Our daughter Kelly is in her late 40s. She looks like an adult but has the mind of a small child. This special child of God demonstrates what it means to be pure and without guile.
No one thought Kelly would ever be able to hold a calling except our neighbor and Sunday School president, Glenn Hammer. He knew she was dependable, and he felt that with a few weeks of training, she could grow into her calling, as we all must do.
Brother Hammer recommended Kelly to be the Sunday School bell-ringer, and shortly thereafter, she was sustained in sacrament meeting.
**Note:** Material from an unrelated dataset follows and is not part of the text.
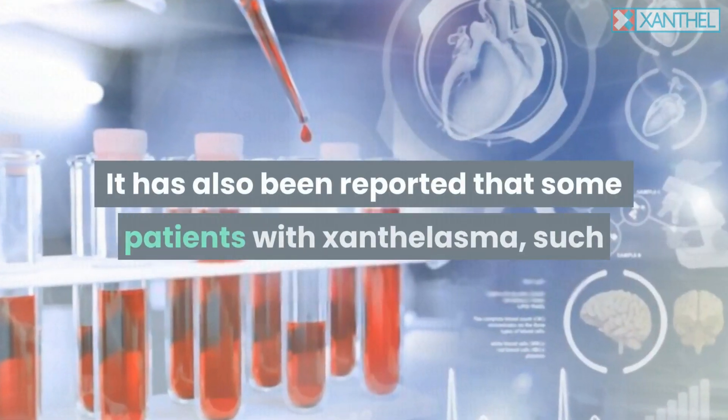Secondary causes of lipid metabolism disorders can be a diet high in saturated fat and cholesterol. One study found that cholesterol deposits on the eyelids are associated with an increased risk of heart attack and heart disease, even in people with normal lipid levels. People with cholesterol deposits should see a doctor to check their fat levels.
We gave her a watch and a small card with the time and pictures of bells to represent the number of times to ring the bell: two short rings first, followed five minutes later by one long bell. At first, the loud sound frightened her, but she persisted and overcame her fear.
Kelly has been reliable and faithful in her duty. She doesn’t know how to use the telephone, but if she is going to be out of town on a Sunday, she asks her father to dial the number of Brother Hammer. With great concern Kelly asks him, “Who ring the bell? Who ring the bell?” Brother Hammer assures her that he will take care of it. She smiles and replies, “OK.”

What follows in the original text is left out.